The Promise was that of home ownership and the vision was an acre in the suburbs. But the dream of home ownership has lost much of its luster. Younger generations aren’t drawn to the country club lifestyle idealized by their parents and grandparents, and, yes, great-grandparents. As Bette Davis would say, there’s no there there, meaning the burbs are boring. Perhaps when they have their own kids there will be more interest in “out there.”
But there’s a more profound reason why the Promise has profoundly changed. The economics of home ownership and a 30-year mortgage just don’t work anymore. Even with very low interest rates and the tax breaks to go with it, it’s hard to justify the cost of owning a single-family home.
My parents’ home in the suburbs increased in value over 10 times in 30 years. My home in the suburbs of a similar economic level will increase 2 to 2 ½ times over 30 years, if I’m lucky. However, I’ll wind up paying in principle and interest about twice what I paid for it. Home values now are even more stagnant and I don’t see that changing. A single family home just isn’t the great investment it used to be and might be an unwise one in the future.
Perhaps you’d buy a house for the schools, or to garden, or to have a bit more space, but it’s no longer a financial windfall.
Despite a slowly-growing population, Vermont needs more housing. Nearly all the new housing in Chittenden County is in multi-family dwellings. And while lower income housing has gotten most of the headlines, the greater need by volume is for middle income housing.

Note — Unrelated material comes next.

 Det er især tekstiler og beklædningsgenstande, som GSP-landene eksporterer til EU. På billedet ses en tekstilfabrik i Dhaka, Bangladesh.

Recently, planners, politicians, builders and housing advocates came together in South Burlington to talk about the need for more housing. The gathering was intended to get all stakeholders on board to see the urgency – though the meeting didn’t produce a legislative mandate or reveal a public funding source to push a plan forward.
The idea was, I suppose, that it’s in everyone’s best interest to see the need and encourage a “can do” spirit, rather than the “can’t do” attitude that often plagues development in Vermont.
The American Promise isn’t dead. But in the future, it’s more likely going to come with a neighbor down the hall, not across the fence.